The good news is that an increasing number of people are becoming more conscious consumers across a range of industries from food to transportation. This is an easy inroads for the tourism industry. If the likes of H&M and Sephora sound too complicated, tap into mainstream brands that are already top of mind for eco-aware millennials — brands like Lush and Tesla.
- Educational institutions and study abroad programs - My partner teaches at an international school for third-culture kids. These are kids from well-traveled, highly affluent families. Nearly every international school like his takes a week out of the school year for students to travel as a class, sometimes domestically but often internationally. Nowhere in this process — from planning to on-the-ground tours — is there any conversation about responsible travel practices. Talk about a huge, untapped, and highly influential population that could spread the seeds of sustainability.

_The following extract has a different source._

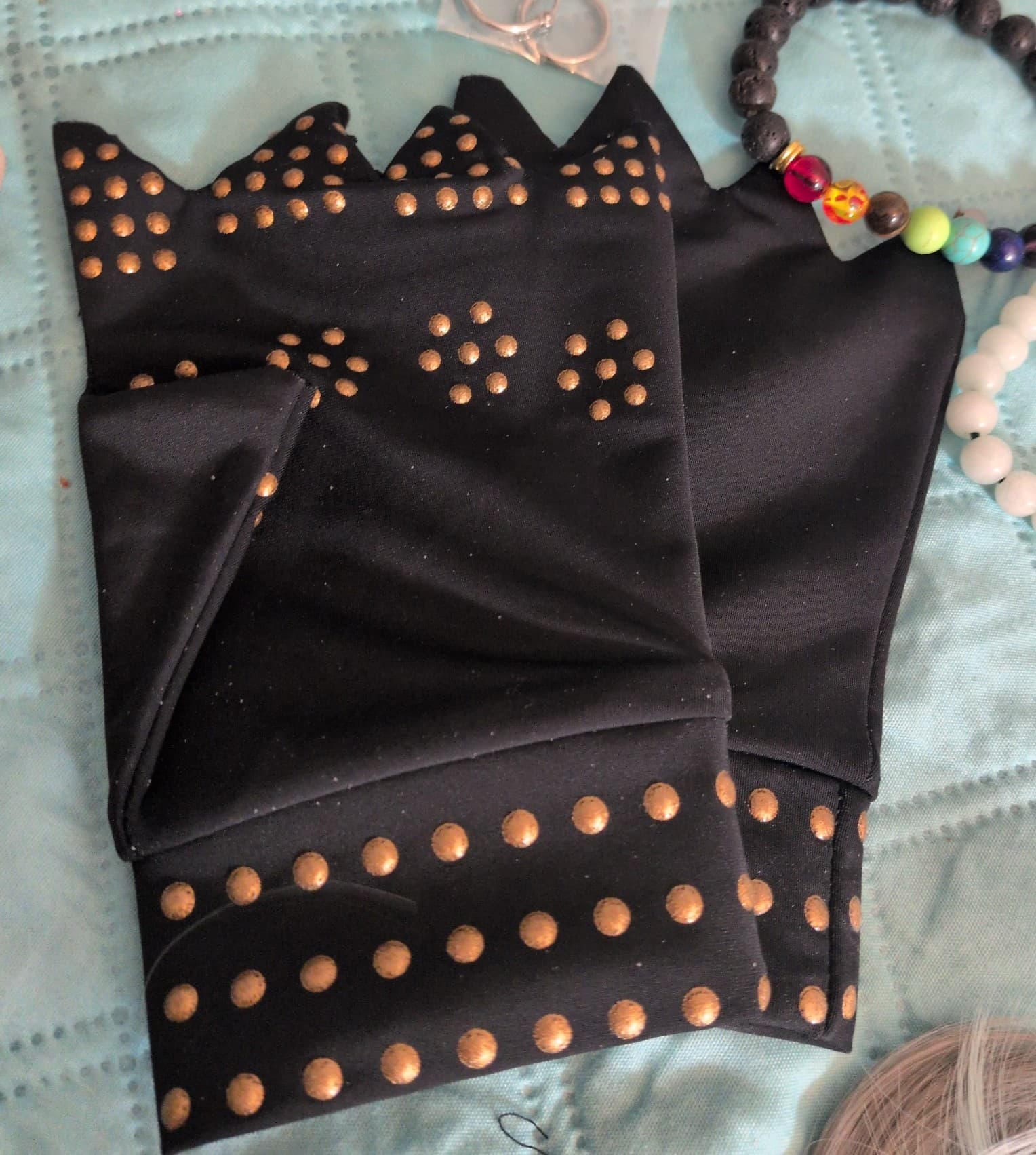 Mega Alt Gothic Accessory Bundle – Studded Gloves, Hair Extensions, Jewelry Set - Thumbnail 9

Related, university study abroad programs should be driven by responsible travel. These students are actively engaged, likely to travel while abroad, and interested in learning. The tourism industry should be in study abroad offices everywhere with relevant messaging, ideas, products, and services.
- Non-travel related influencers - Some travel influencers have hundreds of thousands of followers. This is great as long as they are actively promoting sustainable travel practices, which, unfortunately, they are not. That’s a challenge for another day, and one that absolutely needs to be addressed.
But what would it look like if the travel industry tapped into casual travelers who were also influencers? What if those influencers could share their journeys of learning about and becoming more responsible travelers with their followers? That is a ripple effect that could have awesome positive impacts throughout and beyond the travel industry.
I believe that those of us working in the tourism industry are passionate and want to make meaningful change in this world, but we must think beyond our silo. These are just a few of the ideas I have running around in my head, and I am eager to hear yours as well.
But, beyond that, the pivotal question remains: What are we going to do about it?